_Short web captions_
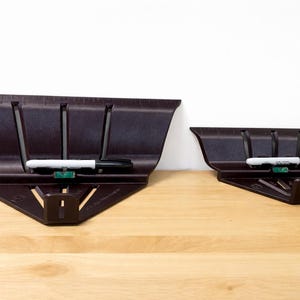 May include: Two dark brown miter saw guides with white and black markers. The guides are angled with slots and a ruler along the top edge. One guide is larger than the other. The guides are on a wooden surface.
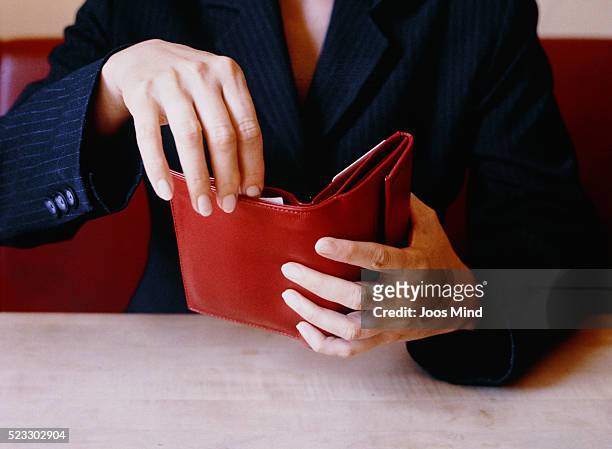 businesswoman opening red wallet at table - wallet stock-fotos und bilder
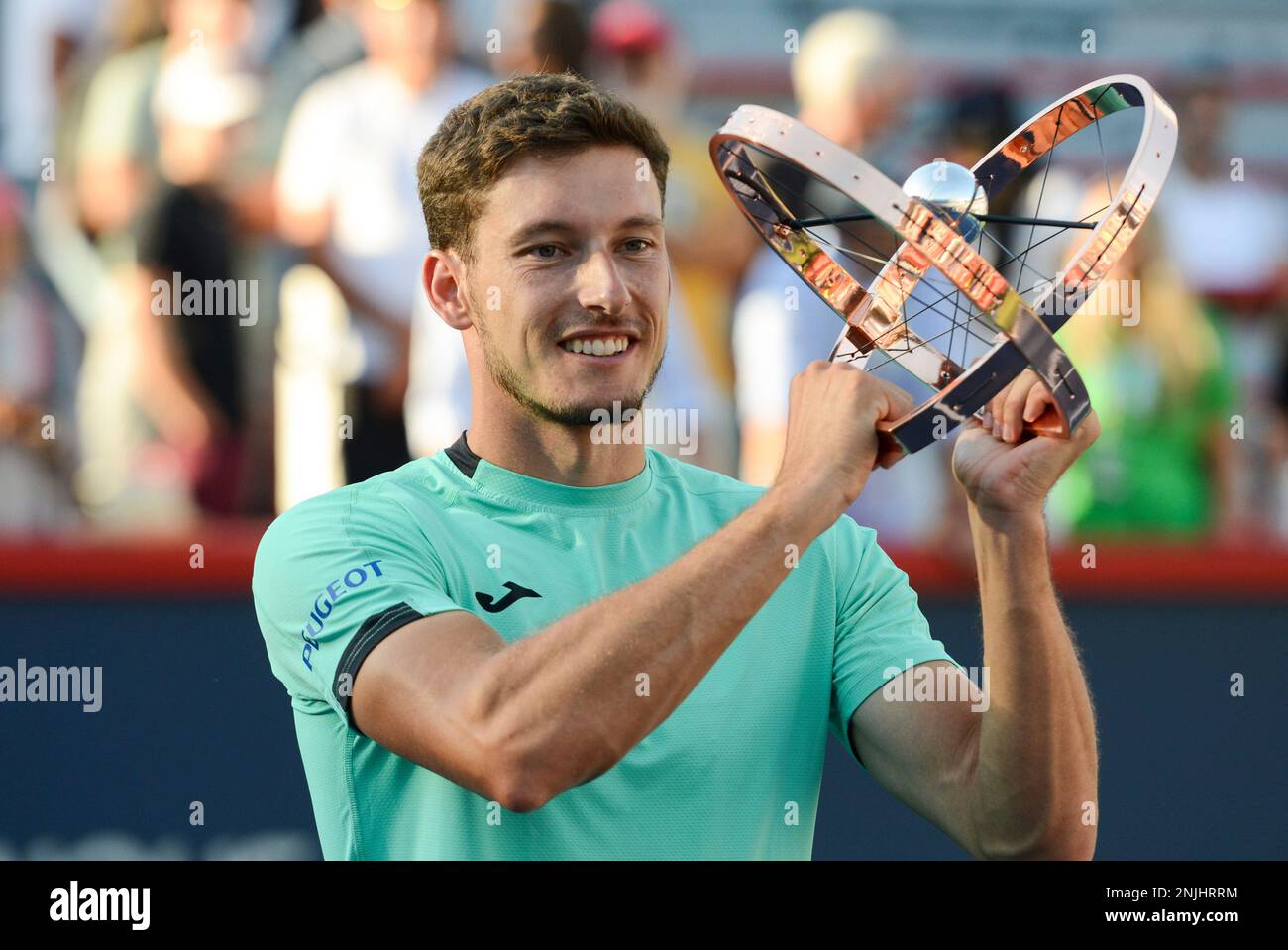 August 14, 2022, Montreal, Quebec, Canada PABLO CARRENO BUSTA of Spain poses with the trophy after winning the National Bank Open tennis tournament in Montreal Canada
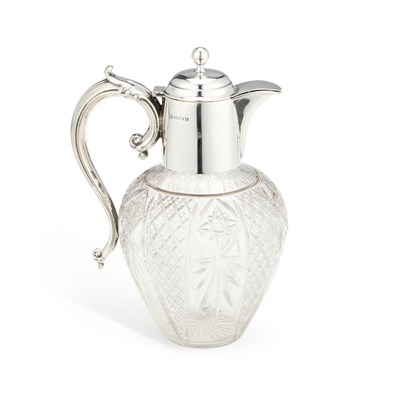 Lot 188 - A LATE VICTORIAN SILVER-MOUNTED CUT-GLASS CLARET JUG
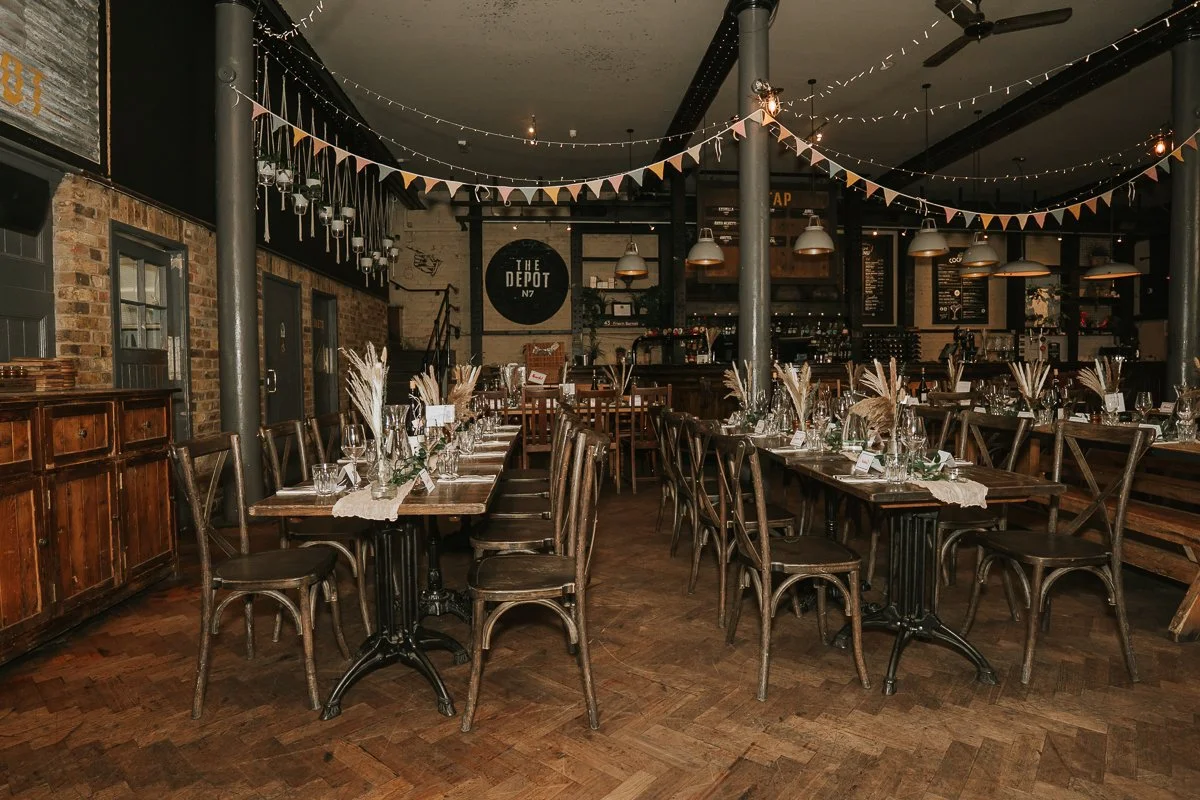  Wedding reception tables set for guests inside the industrial-style Depot wedding venue in Islington, London. 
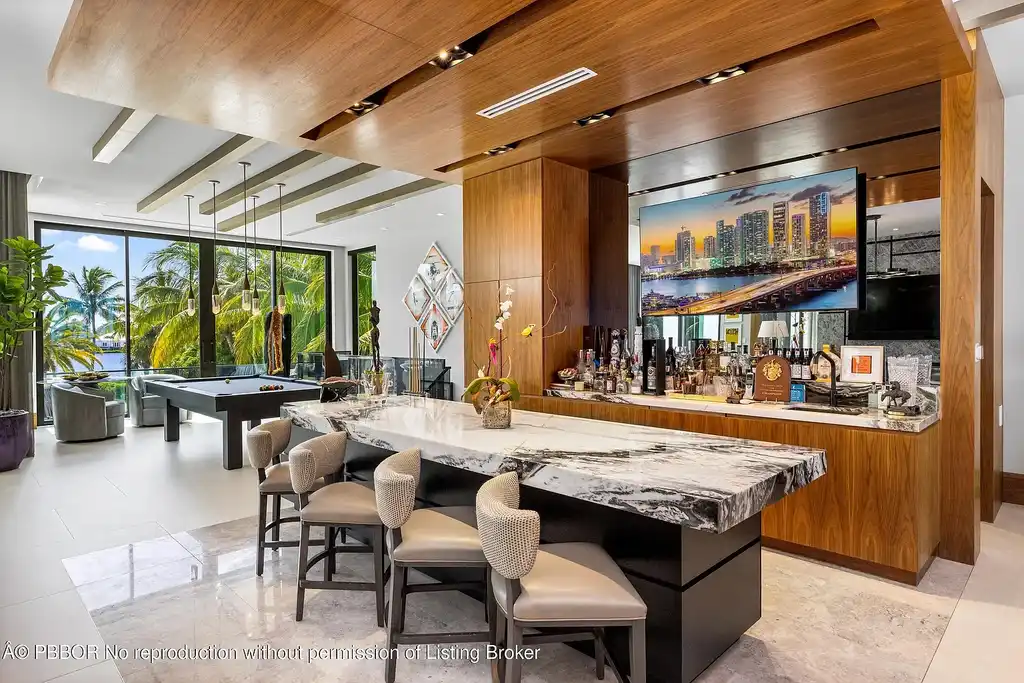 Aerial view of 1660 S Ocean Blvd showing 2.06-acre beachfront estate and private dock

_Exercise_
Without the pictures, reproduce the entries exactly.

_Response area_
 May include: Two dark brown miter saw guides with white and black markers. The guides are angled with slots and a ruler along the top edge. One guide is larger than the other. The guides are on a wooden surface.
 businesswoman opening red wallet at table - wallet stock-fotos und bilder
 August 14, 2022, Montreal, Quebec, Canada PABLO CARRENO BUSTA of Spain poses with the trophy after winning the National Bank Open tennis tournament in Montreal Canada
 Lot 188 - A LATE VICTORIAN SILVER-MOUNTED CUT-GLASS CLARET JUG
  Wedding reception tables set for guests inside the industrial-style Depot wedding venue in Islington, London. 
 Aerial view of 1660 S Ocean Blvd showing 2.06-acre beachfront estate and private dock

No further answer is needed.